La buona meteorologia: intervista ad Andrea Corigliano

Spezzino di 40 anni, Andrea Corigliano, laureato in fisica a Genova e specializzatosi a Bologna in fisica dell’atmosfera e meteorologia, ci racconta il suo percorso formativo e come sta combattendo per riportare al centro dell’attenzione pubblica una corretta informazione meteorologica.

Dopo un biennio, 2012-2014, passato al fianco del Colonello Mario Giuliaccia presso il suo centro meteo di Milano, Andrea Corigliano dal 2015 insegna presso istituti superiori matematica, fisica e meteorologia. Negli ultimi anni sta scrivendo una collana, di otto volumi, (ad oggi ne sono pubblicati 4, il prossimo sarà disponibile a giorni, nda) Meteorologia, con cui spiega i fenomeni fisici che caratterizzano l’atmosfera e come si crea una previsione metereologica.

Come è nata la tua passione per la meteorologia?

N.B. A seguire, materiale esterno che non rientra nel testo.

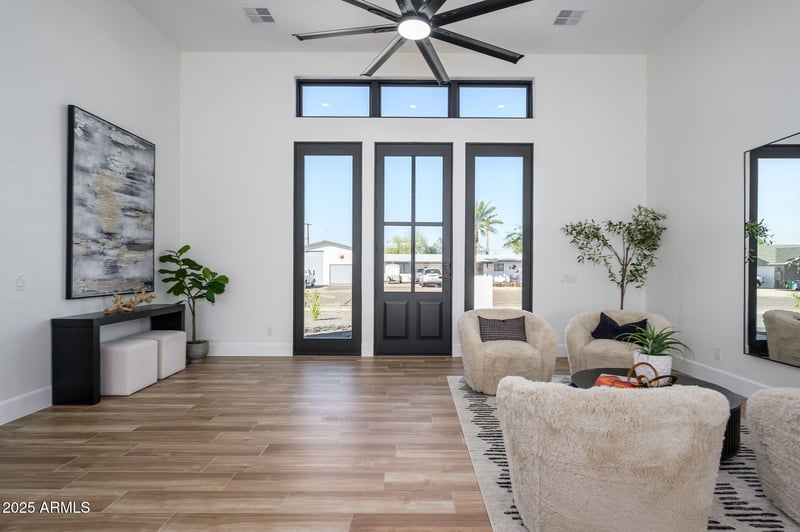 6515 E Holiday Dr, Mesa, AZ 85215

È nata da bambino, in età scolare. Probabilmente la scintilla è scoccata con la nevicata del gennaio del 1985 che avvolse in un candido manto bianco anche la città della Spezia, dove abito. Da quel momento le previsioni del tempo, allora condotte dal Generale Andrea Baroni e dal dott. Guido Caroselli, sono diventate il mio programma preferito. Ricordo che passavo i pomeriggi a disegnare sulle cartine dell’Europa e dell’Italia, ricalcate con la carta carbone, le isobare, i fronti perturbati, i centri di alta e di bassa pressione e le icone meteo per poi ripetere la previsione ascoltata in TV ai miei genitori e a chi veniva a trovarci a casa. Dovevamo tutti passare dal mio… “buonasera”.ù

Come si diventa meteorologo?

Il meteorologo è, prima di tutto, un fisico dell’atmosfera perché le dinamiche del tempo rispondono a ben precise leggi fisiche che devono essere conosciute. La laurea in Fisica è quindi il primo passo da compiere per raggiungere questo traguardo. Poi bisogna specializzarsi in Meteorologia e infine, se si vuole svolgere la professione di meteorologo previsore, fare anche tanta pratica. Io posso dire di essere capitato nel periodo in cui ho potuto intraprendere questo percorso frequentando prima l’Università di Genova e poi l’Università di Bologna. Oggi, dopo un periodo di stallo, i corsi universitari che forniscono la preparazione idonea a svolgere questa professione sono stati di nuovo aperti: per esempio a Torino, Trento, Bologna, L’Aquila, Roma e Napoli sono attive lauree triennali e/o magistrali in questo settore scientifico.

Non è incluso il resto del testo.